• ACTION ITEM: From the line that contains "卓斯特(Zhuoste) Logo" down to the last line of the listing below, reproduce each line exactly but not the pictures.
-*-*-
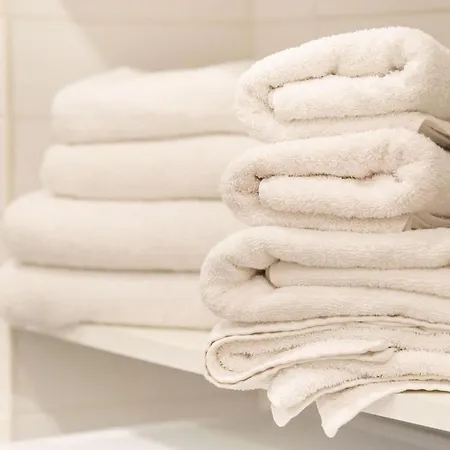 Appartement Metro Plac Wilsona Etno By Bookinghost Varsovie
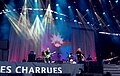 Роберт Плант на фестивале Vieilles Charrues en 2018.jpg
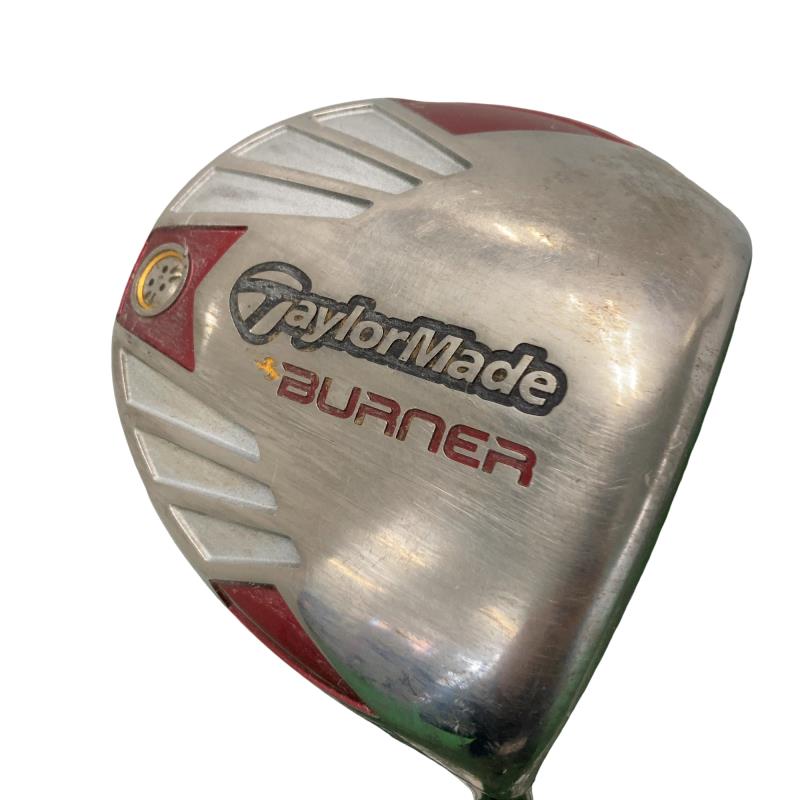 �a�t�q�m�d�q�i�Q�O�O�V�j�@�P�O�D�T°�@�t�r�`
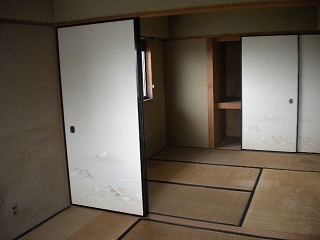 その他写真4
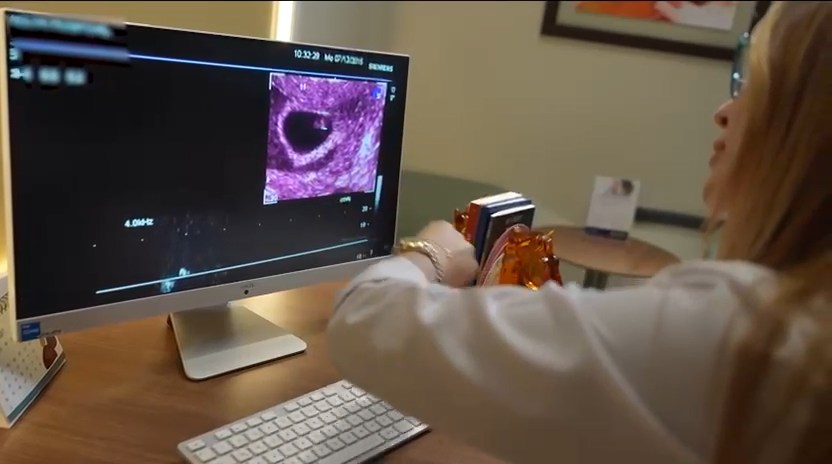 doktor-mp4-snapshot-00-41-711.jpg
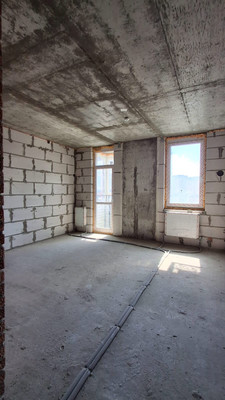 Продам однокомнатную (1-комн.) квартиру, Нансена ул, 109/5, Ростов-на-Дону г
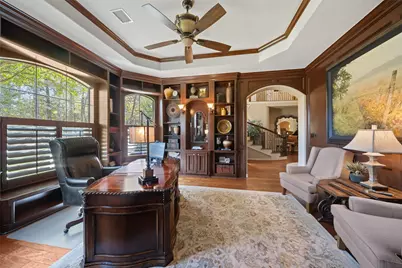 114 Fairwater Drive, Montgomery, TX 77356 - Photo 19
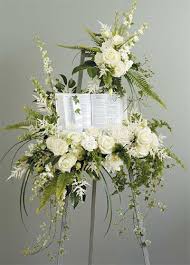Beautiful Funeral Wake Soft Reflections Casket Arrangement Funeral Home Wake Flower Funeral Flower Arrangements Funeral Floral Arrangements Funeral Flowers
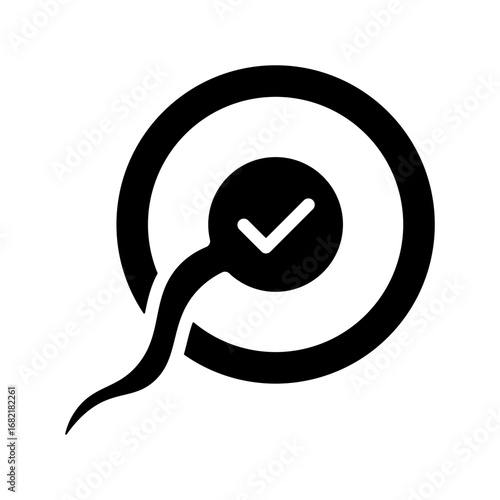 Fertility Icon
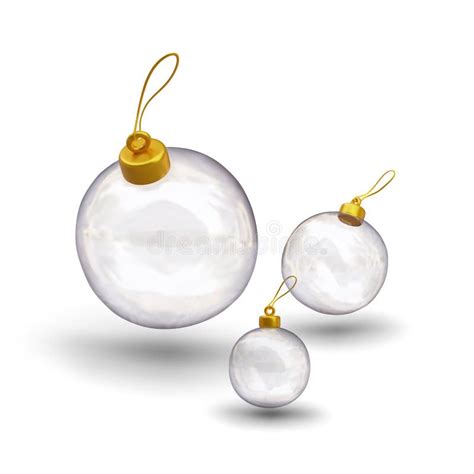 Rezultat imagine pentru Web Design Positions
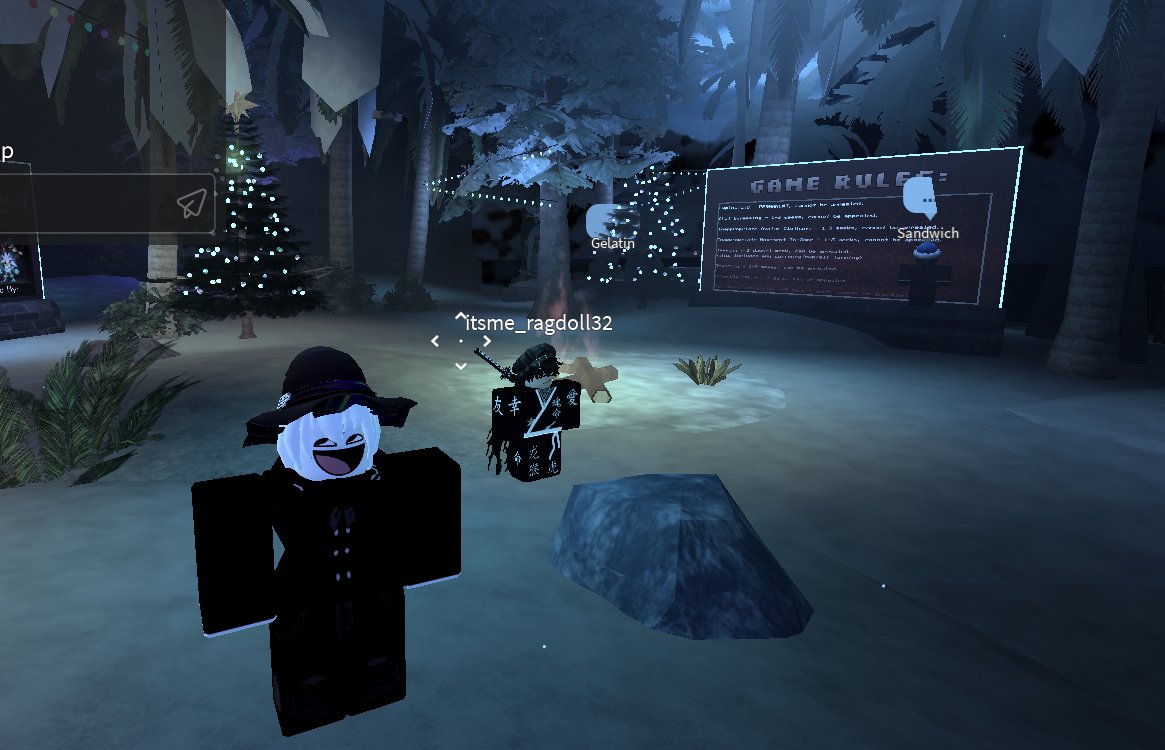 AmySPINNER tweet media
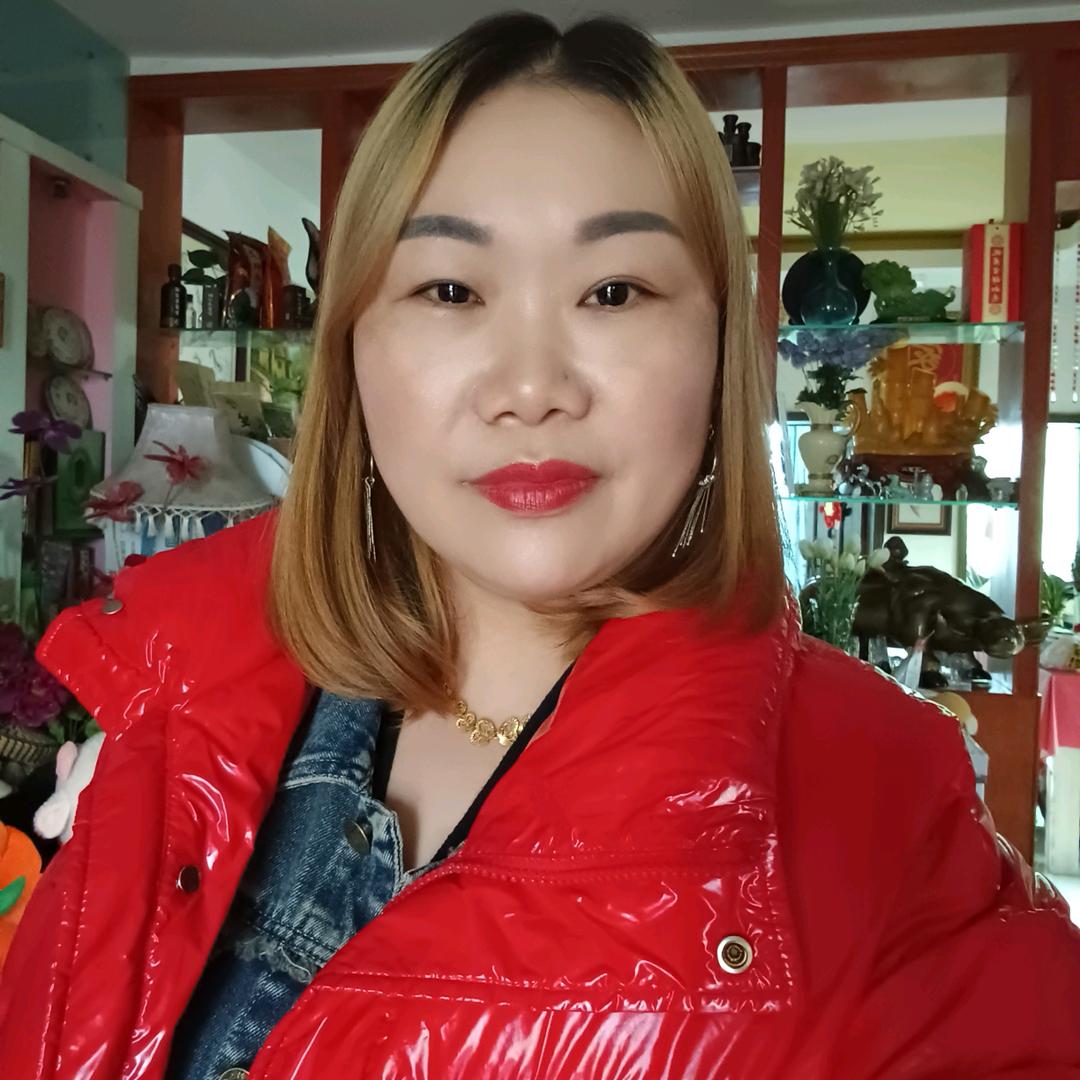 湘姐🌶爱美食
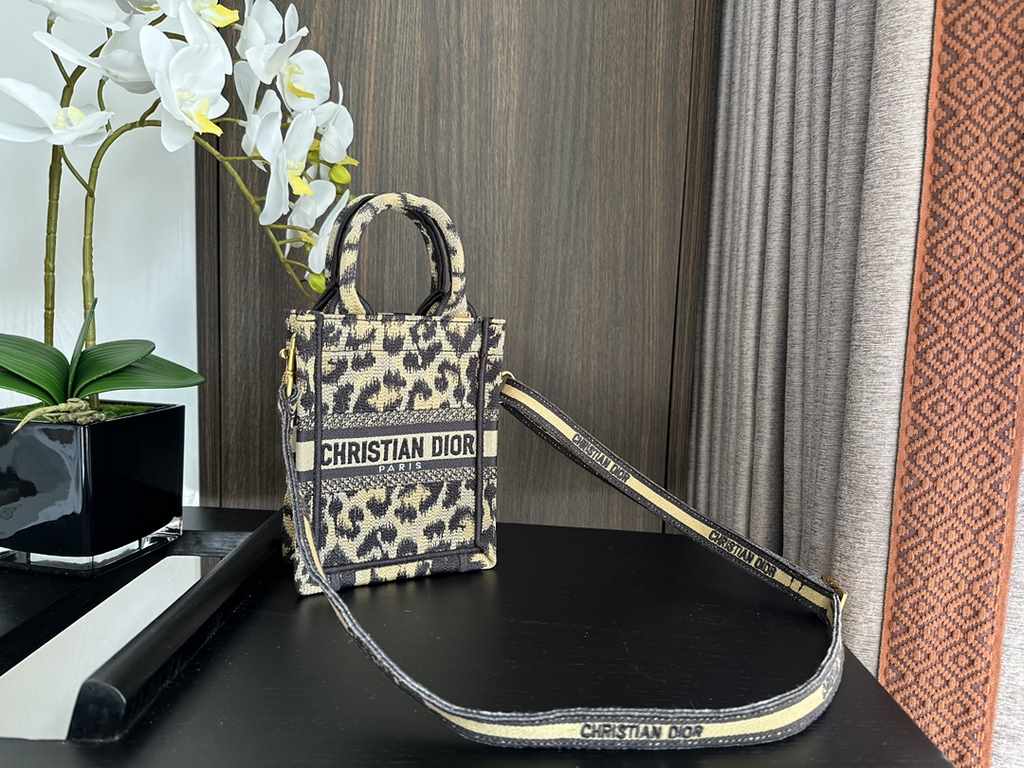 Dior Bag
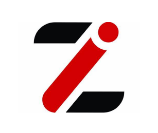 卓斯特(Zhuoste) Logo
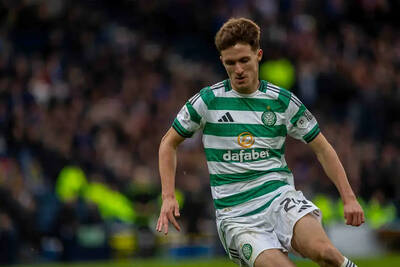 Even Johnny Kenny cannot survive the Celtic board’s credibility collapse.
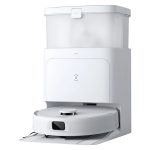 جارو رباتیک Ecovacs مدل N30 Pro Omni - تصویر 14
-*-*-
• SOLUTION TO THIS EXERCISE:
 卓斯特(Zhuoste) Logo
 Even Johnny Kenny cannot survive the Celtic board’s credibility collapse.
 جارو رباتیک Ecovacs مدل N30 Pro Omni - تصویر 14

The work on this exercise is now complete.